I'm actually quite pleased that this amazingly rare aircraft mishap occurred at a major US airport when it did -- people are going to be paying MUCHO attention when I board my flight, from the dude who cleans the bathroom at the airport to the dude who sits up front and says "My Airplane."

It quite frankly could not have come at a better time. It takes the onus off worrying about terrorism and more on "Who the fuck is flying this plane?"

This is all A1 GOOD for me, not, mind you, that I was EVER at any point nor have EVER been, worried about my personal safety in a commercial aircraft. My sister has some more harrowing tales to tell about her iffy journeys in über and sub-Saharan Africa with various cowboy outfits, but I must remind you that she got hazard pay on top of her usual Homeland Security happycheck so it was more a moot point of "Do I arrive alive?" because the answer to that always was "Well, I'll celebrate by spending $XXX at the nearest boutique."

This is not the way I travel, unfortunately. Gone are the good old days of multiple thousand-accrued miles, where I could pretty much sweet talk a ticket agent into a first class seat just by wearing my outrageous peach linen jacket, black shirt and day-glo orange tie, along with the most agent-friendly attitude you ever done saw.

Nope, I have to slum it like the rest of them these days.  Nooooo problem! I have ways to umm . . ."pillow" my hard landing in seat 42A.

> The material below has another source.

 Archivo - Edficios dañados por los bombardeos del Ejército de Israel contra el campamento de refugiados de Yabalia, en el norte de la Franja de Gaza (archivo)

Besides, and this is what most folk forget, I actually LOVE being in an airplane. Sitting down in that newly-vaccuumed seat and buckling that belt while dragging my magazines out of my carry-on and gazing munificently about the cabin really make me feel as though I have just grown a new, pressurized aluminum skin and from then until I exit said plane, I am INDESTRUCTIBLE. and, 99.999999999999999999999999999 times out of 100, I AM.